Better safe than sorry
This idiom is used to recommend being cautious rather than taking a risk.
Beyond a shadow of a doubt
If something's beyond a shadow of a doubt, then absolutely no doubts remain about it.
Beyond belief
If people behave in such a way that you find it almost impossible to accept that they actually did it, then you can say that their behaviour was beyond belief.
Beyond our ken
If something's beyond your ken, it is beyond your understanding.
Beyond the pale
If something's beyond the pale, it is too extreme to be acceptable morally or socially.
Big picture
The big picture of something is the overall perspective or objective, not the fine detail.
Bit part
If someone has a small or unimportant role in something, they have a bit part.
Bit player
A bit player has a small or unimportant role in something.

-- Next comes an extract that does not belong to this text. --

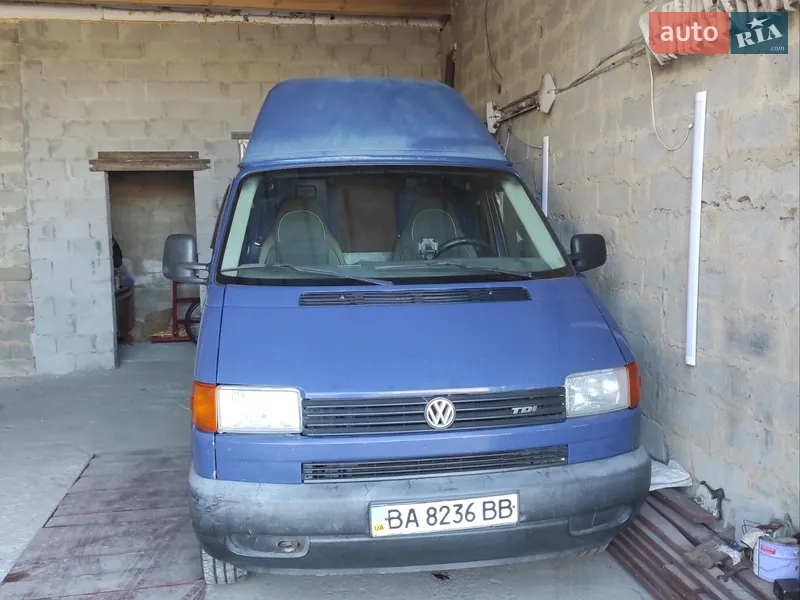Volkswagen Transporter 2000 VIN WV1ZZZ70Z1H025669 фото оголошення 10 з 32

Bite off more than you can chew
If you bite off more than you can chew, you take on more responsibilities than you can manage. 'Don't bite off more than you can chew' is often used to advise people against agreeing to more than they can handle.
Bits and bobs
Bits and bobs are small, remnant articles and things- the same as 'odds and ends'.
Bitter end
If you do something to the bitter end, you do it to the very end, no matter how unsuccessful you are.
Blank slate
A blank slate is something that hasn't been developed or described in any detail.
Blessing in disguise
If some bad luck or misfortune ultimately results in something positive, it's a blessing in disguise.
Blot your copybook
If you blot your copybook, you make a mistake or do something wrong that will negatively affect someone's opinion of you.
Blow a gasket
If you blow a gasket, you get very angry.
Blow hot and cold
If you blow hot and cold on an idea, your attitude and opinion keeps changing; one minute you are for it, the next you are against.
Blow me down
People say '(well,) blow me down' when you have just told them something surprising, shocking or unexpected. ('Blow me down with a feather' is also used.) 
Blow off steam
(USA) If you blow off steam, you express your anger or frustration.
Blow out of the water
If something, like an idea, is blown out of the water, it is destroyed or defeated comprehensively.
Blow smoke
(USA) If people blow smoke, they exaggerate or say things that are not true, usually to make themselves look better.
Blow the cobwebs away
If you blow the cobwebs away, you make sweeping changes to something to bring fresh views and ideas in.
Blow the whistle
If somebody blows the whistle on a plan, they report it to the authorities.
Blow your stack
If you blow your stack, you lose your temper.
Blow your top
If someone blows their top, they lose their temper.
Boil to the surface
If a problem or issue boils to the surface, it emerges at a particular time and needs to be discussed or resolved.
Both ends meet
If you make both ends meet, you live off the money you earn and don't go into debt.
Bottom line
In accountancy, the bottom line is net income, and is used idiomatically to mean the conclusion.
Bounce ideas
If you bounce ideas off someone, you share your ideas with them to know whether they think they would work.
Box and dice
Box and dice means everything.
Box of fluffy ducks
(NZ) Used when something is working well or going your way. If you are happy, you are a box of fluffy ducks. Also can be shortened to 'a box of fluffies'.  
Boxing and coxing
If people are boxing and coxing, they are sharing responsibilities so that one of them is working while the other isn't. It can also be used when couples are sharing a house, but their relationship has broken down and when one is at home, the other stays out.
Brass tacks
If you get down to brass tacks, you get down to the real business.
Break even
If you break even, you don't make any money, but you don't lose any either.
Break ground
If you break ground, or break new ground, you make progress, taking things into a new area or going further than anyone has gone before. 'Ground-breaking' is used an adjective.
Breathe life into
If you breathe life into something, you give people involved more energy and enthusiasm again.  ('Breathe new life' is also used.)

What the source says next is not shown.